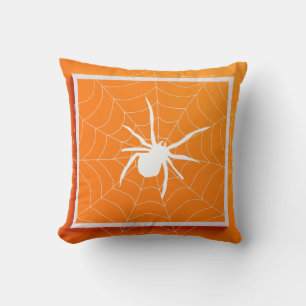 Fun Happy Halloween Black &  Orange Spider Web Cushion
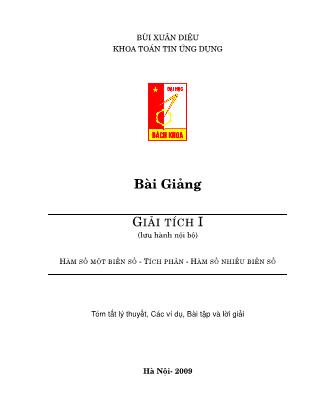 Giáo trình Giải tích I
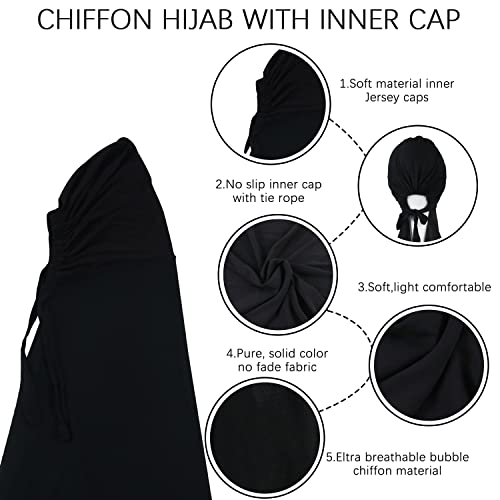 Muslim Women Instant Chiffon Hijab with Tie Back Under cap Fashion Solid Color Soft Chiffon Scarf With Hijab Inner Cap (Black)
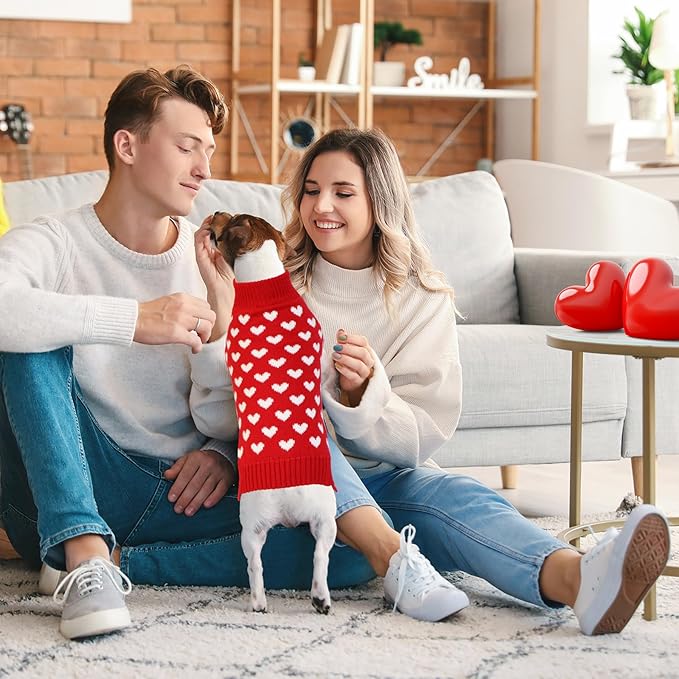 GOYOSWA Valentines Dog Sweater, Dog Valentines Clothes Outfit Knitted Sweaters for Small Medium Large Dogs Pets (Red Heart, Small)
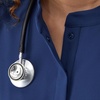 image:imageHanes Womens Scrubs Healthcare Top with Mandarin Collar MoistureWicking Stretch Scrub ShirtAthletic Navy
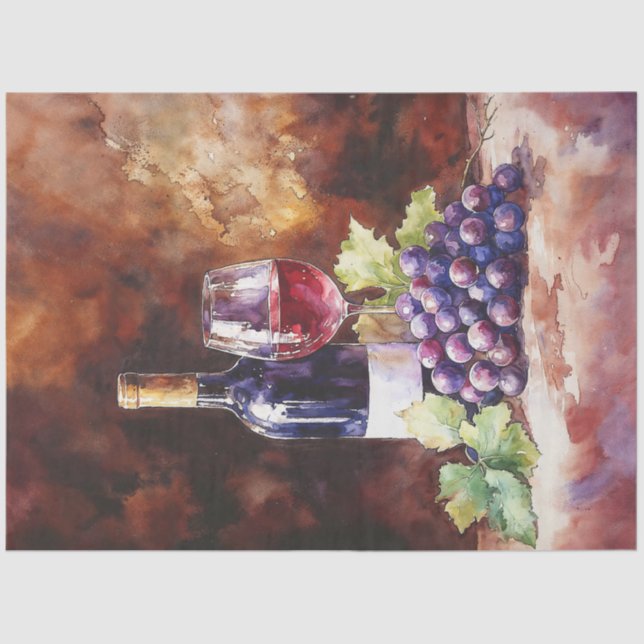 Watercolor Wine Tissue Paper (Front)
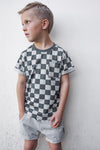 Pocket Tee - Pewter Check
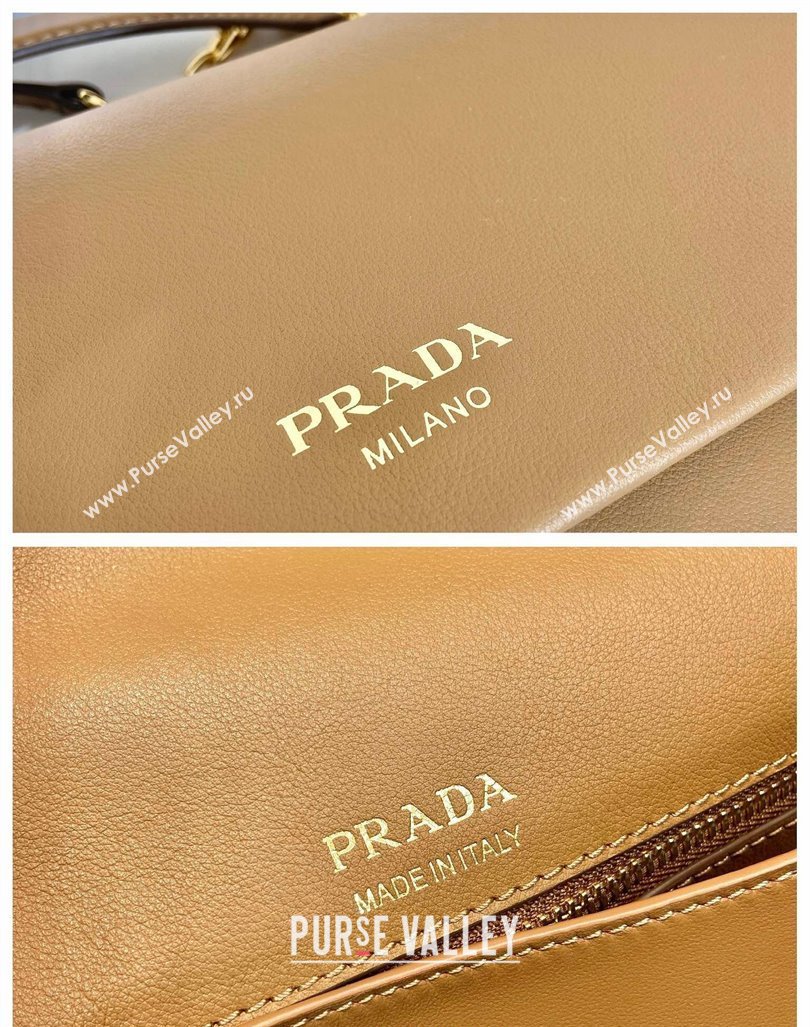 Prada Medium leather shoulder bag Dark Beige 2024 1BD371 (YZ-241031036)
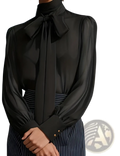 Black satin puff sleeve blouse with a large bow neckline and gold button cuffs for elegant occasions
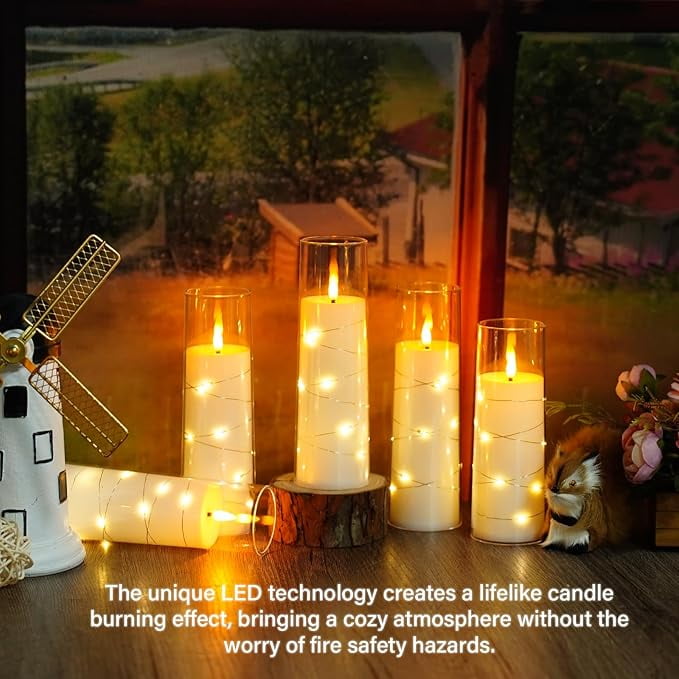 Flameless LED Pillar Candles (9 Pcs) – Embedded Star String, Battery Operated with Remote & Timer, White – Perfect for Home/Party/Wedding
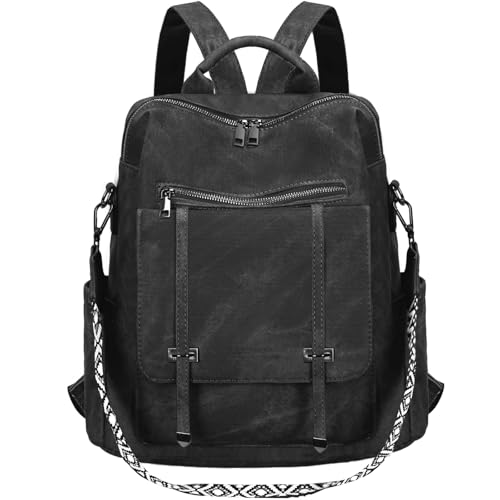 Leathario Rucksakck Damen Wasserdicht,Veganes Leder Cityrucksack,Rucksackhandtasche Mittelgroß, Diebstahlsich Tagesrucksack für Büro,Pendeln,Arbeit,Leicht Elegant Backpack Women Groß für Reise,Schwarz von Leathario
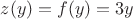 $z(y) = f(y) = 3y$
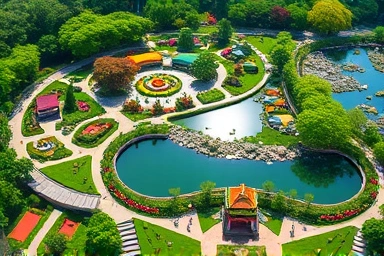 Aerial view of Suncheon Bay National Garden with lush greenery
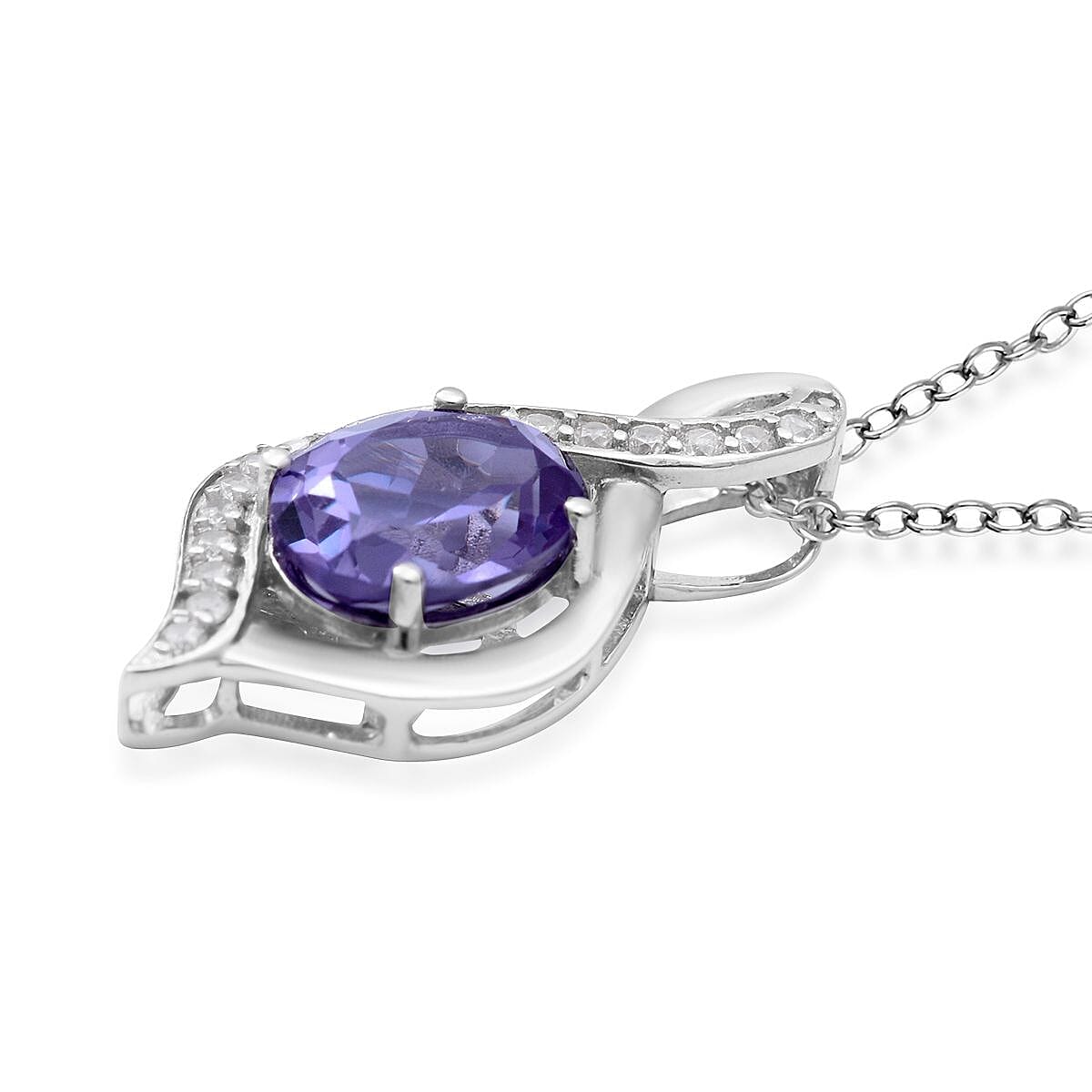 Lab Created Alexandrite, White Zircon Ring Size 8.0 and Pendant Necklace 18 Inches in Platinum Over Sterling Silver 6.10 ctw image number 5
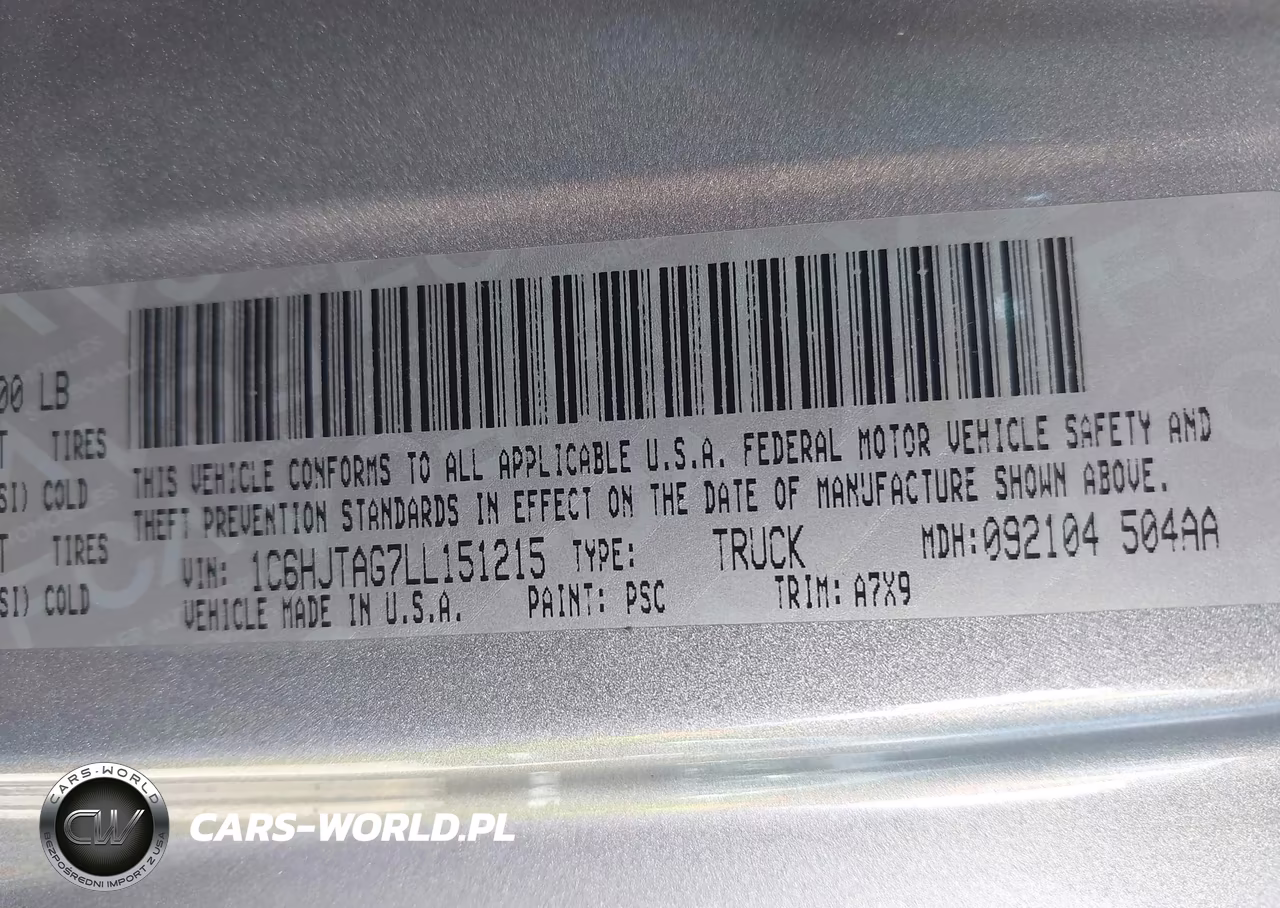2020 Jeep Gladiator Sport S 4X4 VIN:1C6HJTAG7LL151215 - 9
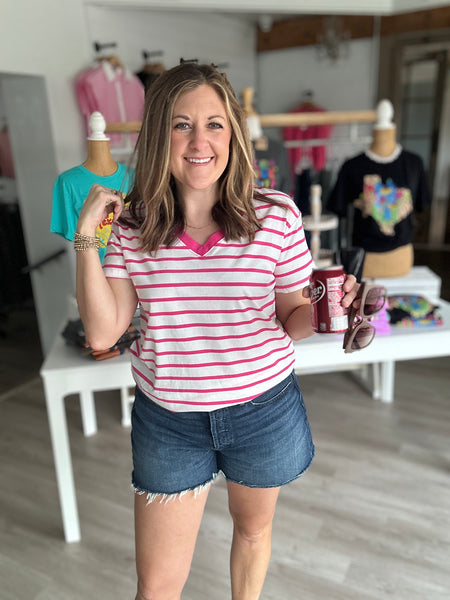 Stripe V Neck Hot Pink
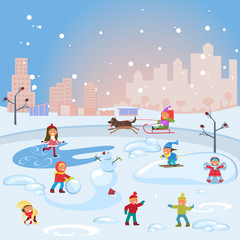 Winter scene with children 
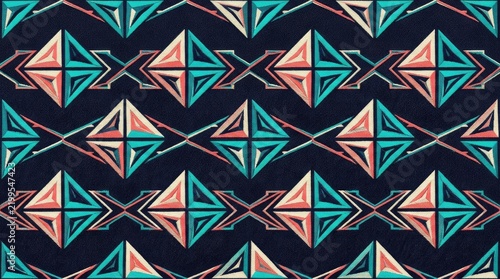 Geometric seamless pattern with teal and coral diamond shapes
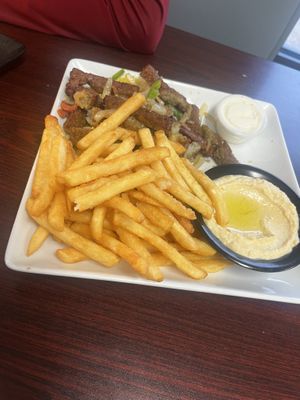 Vegan swarmma with fries and hummus   at Chef Moussa in Peoria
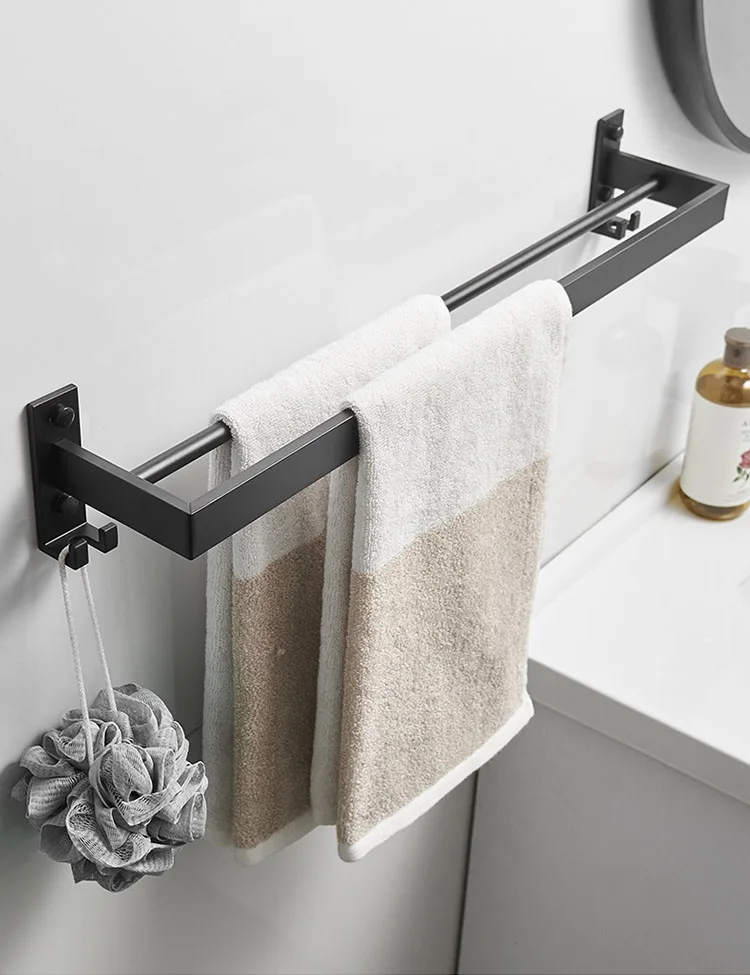 Description Picture 6 of itemWall Mount Towel Rack Bathroom Accessories Shower Room Holder Towel Hanger Double Towel Bar Hook Bathroom Shelf Space Aluminum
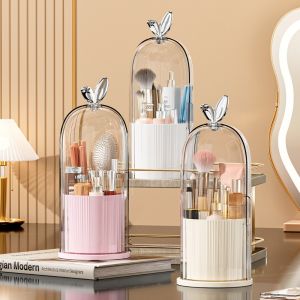 KINTHAZER Dustproof Rotating  Makeup Brush Holder Transparent Rotatable Cosmetic Storage Box Multi-function with Cover Pen Holder Lipstick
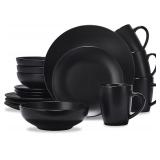 CREATIVELAND Matte Black Plates and Bowls Dishes S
* * *
■ **Work required**: Every line from the one holding "Leathario Rucksakck Damen" through the end of the records above must be reproduced verbatim, pictures excepted.

■ **Solution to this task**:
 Leathario Rucksakck Damen Wasserdicht,Veganes Leder Cityrucksack,Rucksackhandtasche Mittelgroß, Diebstahlsich Tagesrucksack für Büro,Pendeln,Arbeit,Leicht Elegant Backpack Women Groß für Reise,Schwarz von Leathario
 $z(y) = f(y) = 3y$
 Aerial view of Suncheon Bay National Garden with lush greenery
 Lab Created Alexandrite, White Zircon Ring Size 8.0 and Pendant Necklace 18 Inches in Platinum Over Sterling Silver 6.10 ctw image number 5
2020 Jeep Gladiator Sport S 4X4 VIN:1C6HJTAG7LL151215 - 9
 Stripe V Neck Hot Pink
 Winter scene with children 
 Geometric seamless pattern with teal and coral diamond shapes
 Vegan swarmma with fries and hummus   at Chef Moussa in Peoria
 Description Picture 6 of itemWall Mount Towel Rack Bathroom Accessories Shower Room Holder Towel Hanger Double Towel Bar Hook Bathroom Shelf Space Aluminum
 KINTHAZER Dustproof Rotating  Makeup Brush Holder Transparent Rotatable Cosmetic Storage Box Multi-function with Cover Pen Holder Lipstick
 CREATIVELAND Matte Black Plates and Bowls Dishes S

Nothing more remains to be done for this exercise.